Shopping malls are one of the few entertainment spaces left in the city. Indeed the last decade has seen entertainment spaces in cities shrink rapidly. Cinemas have either shut down or moved inside malls. Amusement parks have been reduced to rubble while open spaces have been taken over by plazas. And opportunities to meet and greet strangers, especially across the class divide, are now in great shortage.

“Jagah ka buhat masla hai [Space is a big issue],” laments Zohair Ali*, a young lawyer in his mid 20s. “Shopping malls are generally for hanging out, but for intimacy, you need a safe space.”

As a result, most interactions have moved online.

“On Facebook and apps such as Tinder,” says Zainab Mumtaz*, a marketing executive in her 30s. [See accompanying story Love in the Time of Tinder.]

As Zainab explains, the “happening” places of the 1990s and early 2000s have all deteriorated. Restaurants that once served young couples on a budget have closed down while the newer ones have become far too crowded. Life too has become faster and people are too preoccupied with their jobs and social commitments.

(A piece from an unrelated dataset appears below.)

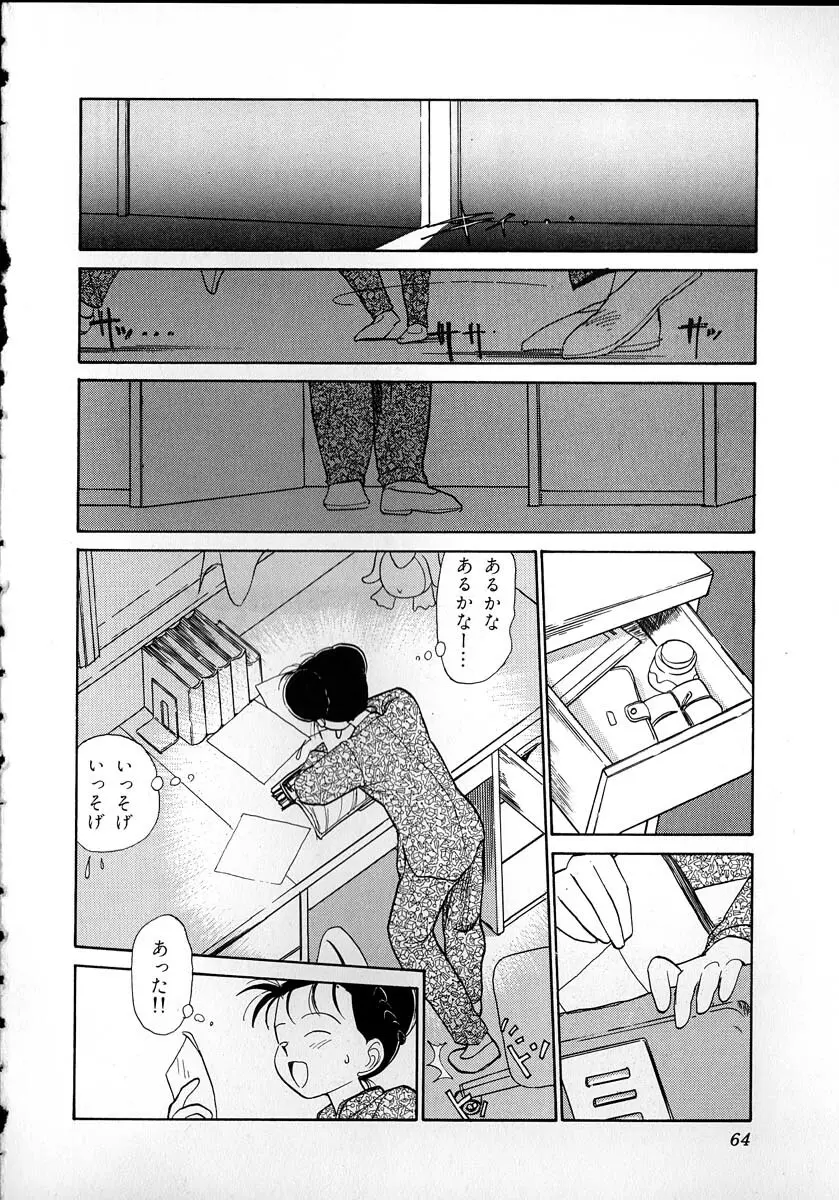 フレックスキッド VOL.2 Page.62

In comparison, Facebook interactions are a lot simpler — there is a profile page, interests are listed, and generally, peoples’ perspective on life can be understood with what they are sharing. A number of other social media apps, such as Instagram, Snapchat and Twitter have also been pressed into service as ‘dating’ apps by those seeking to make a connection with new people.

And it works for some. But for many others, women in particular, the anonymity offered by the internet also comes with its own set of problems. Aside from the issue of safety, many men feel emboldened to make advances on these apps that they would simply never do in real life, which women often find off-putting and can be downright obscene.

In such a scenario, single people are in a fix: how do you meet new and interesting people, someone with whom you can find shared chemistry, and someone you can fall in love with?

“My group of friends is organising a singles meet-up,” says Zainab. Admittedly this will be an upper middle-class setting, with the hosts hopeful of a high turnout.

But while such events are a welcome addition, blind dates through “rishta aunties” have been in vogue for a while now. Because young people are often short on time, a blind date is organised for them with their families’ consent.

“Usually in a public or crowded place,” says Rehana Wasim*, a 28-year-old telecom executive. “You can make a quick getaway if the date isn’t going too well without the hassle of any embarrassment.”

The rishta aunties might work for some, but a few have had terrible experiences with these too.

Amina Hakim* is a 33-year-old doctor. She met a banker named Wasim Khan* through a rishta aunty and things seemed to be going well.

“It was our fourth date and we ended up at his apartment,” says Amina. “We were there to watch a movie and perhaps kiss in privacy. But he didn’t stop at kissing. I lost my virginity at his place and not because I wanted to.”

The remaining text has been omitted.